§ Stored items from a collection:
● ● ● ● ● ● ●

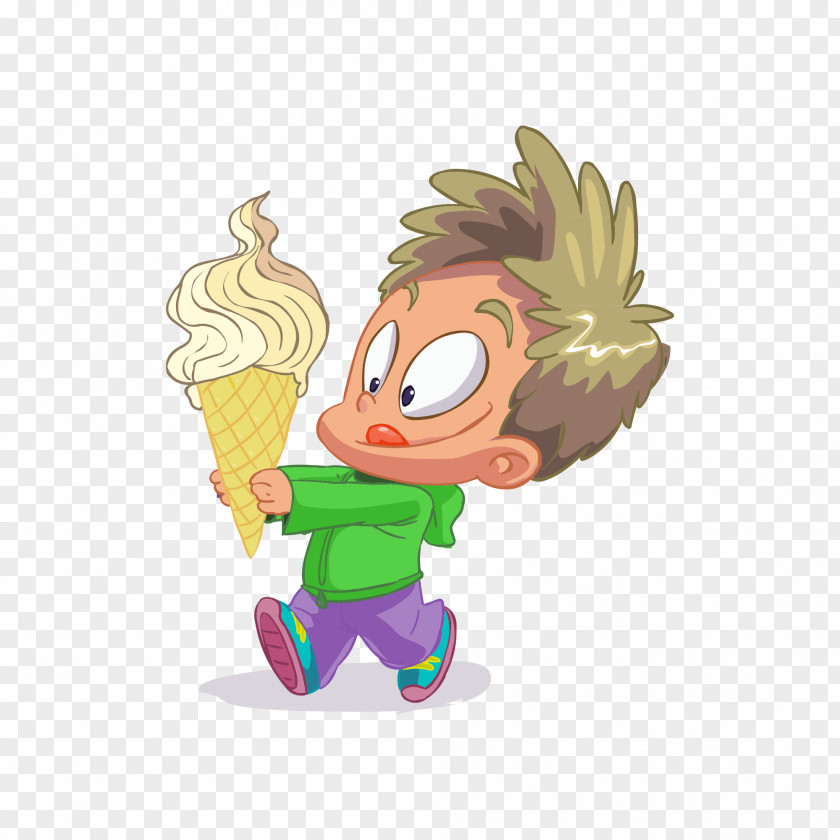 Illustrator Of Children Ice Cream Dessert PNG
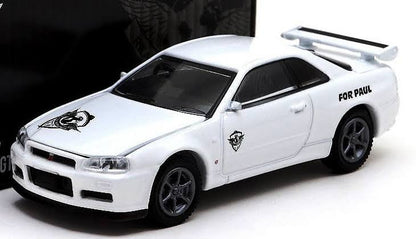 GREENLIGHT NISSAN SKYLINE GT-R (R34) "FOR PAUL" EDITION  1/64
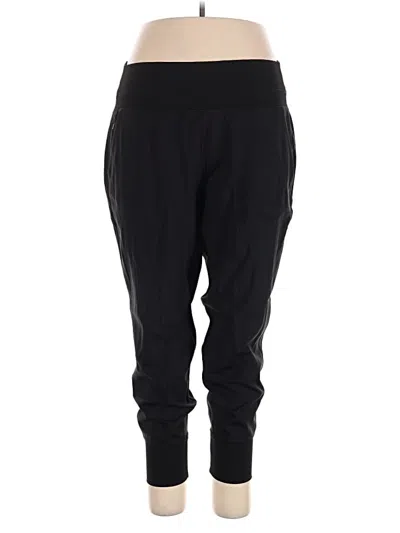 Pre-owned Athleta Active Pants In Black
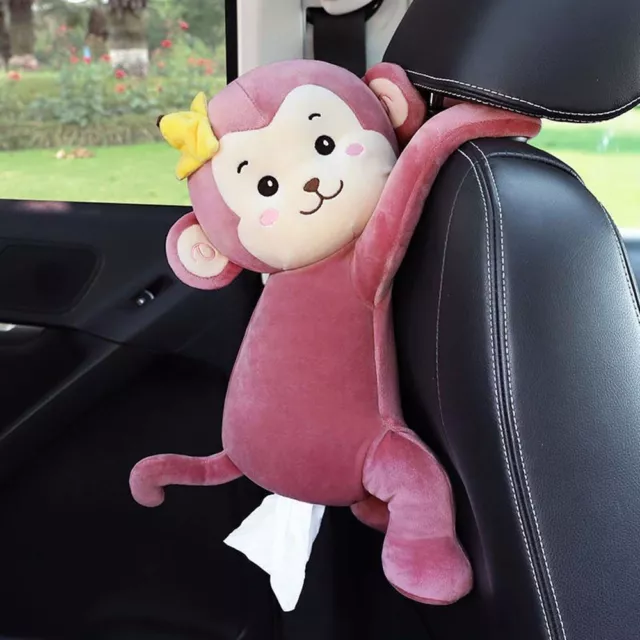 Cute Cartoon Car Tissue Box Creative Lovely Animal Short Plush
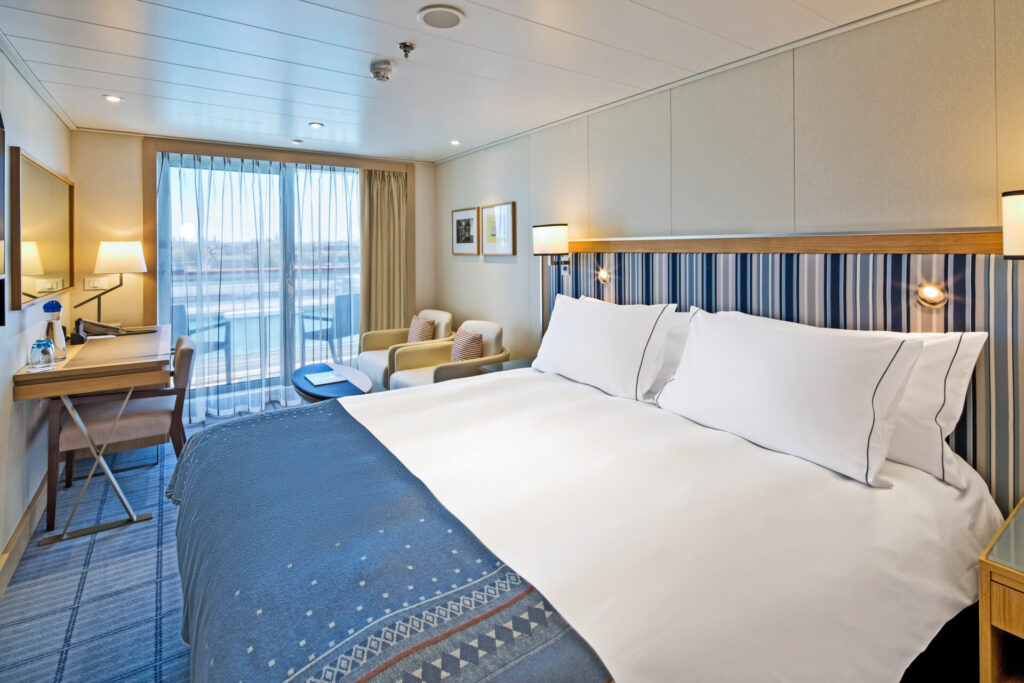 The Deluxe Veranda Stateroom aboard the Viking Star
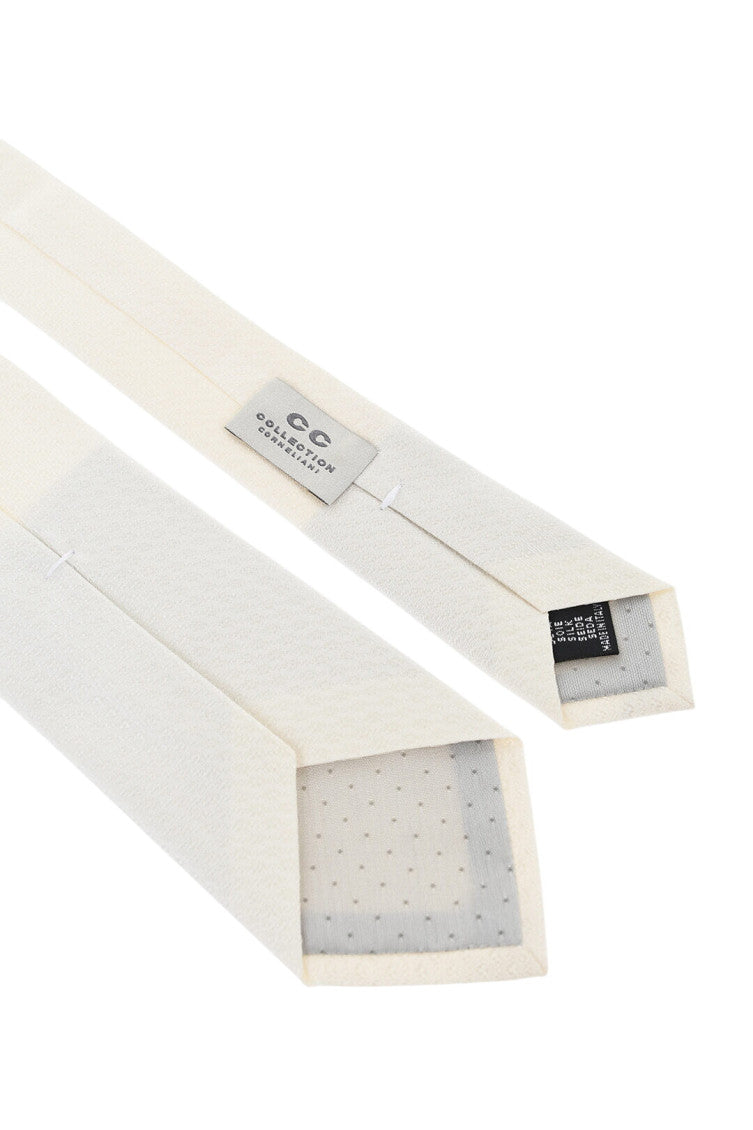 Off White Textured Tie 3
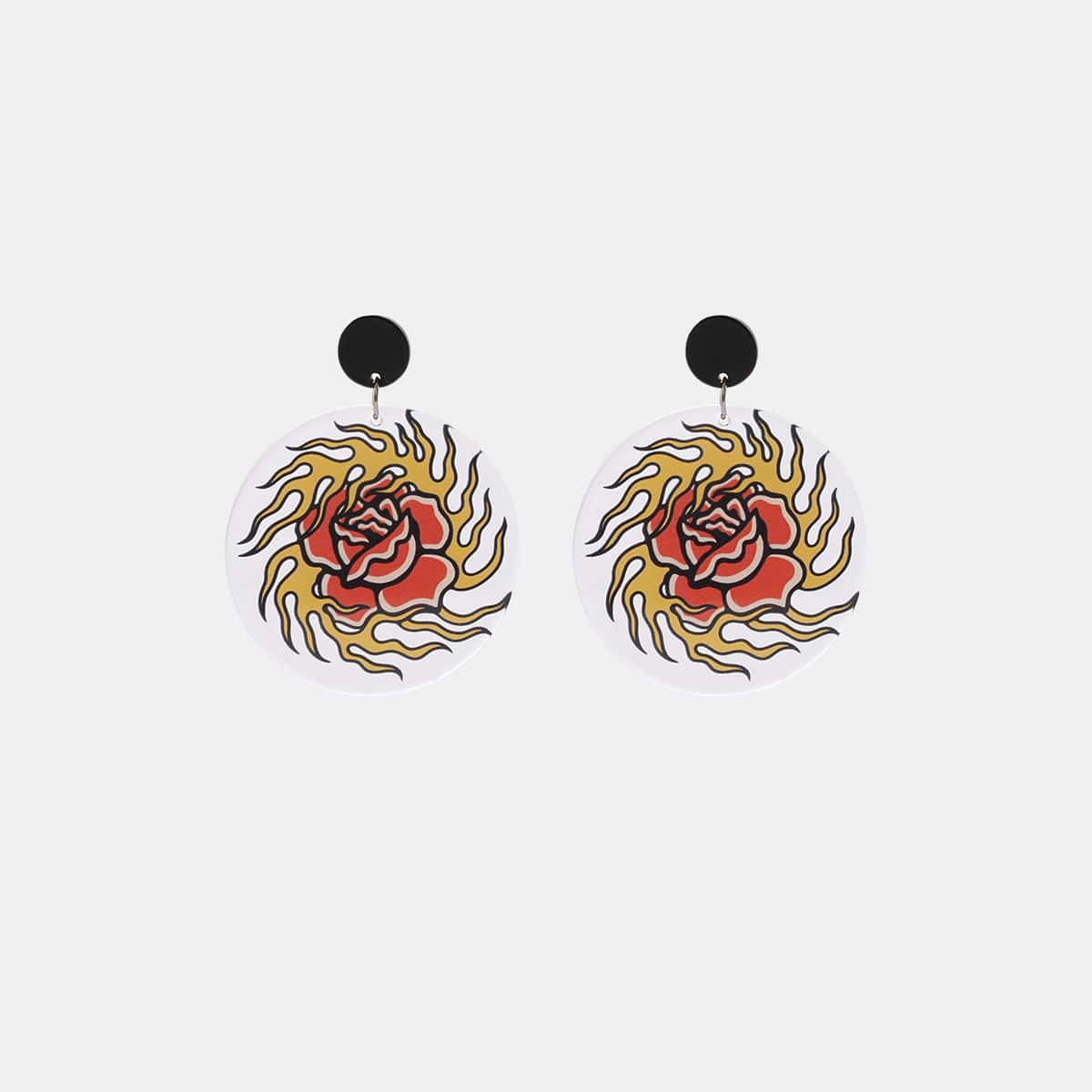 

Streetspo Flower Graphic Drop Earrings, Multicolor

● ● ● ● ● ● ●

Please output the lines of the records above from the one with "Pre-owned Athleta Active Pants In Black" through the last, exactly as they appear and with both ends included; skip any pictures and add nothing.

 Pre-owned Athleta Active Pants In Black
 Cute Cartoon Car Tissue Box Creative Lovely Animal Short Plush
 The Deluxe Veranda Stateroom aboard the Viking Star
 Off White Textured Tie 3

Streetspo Flower Graphic Drop Earrings, Multicolor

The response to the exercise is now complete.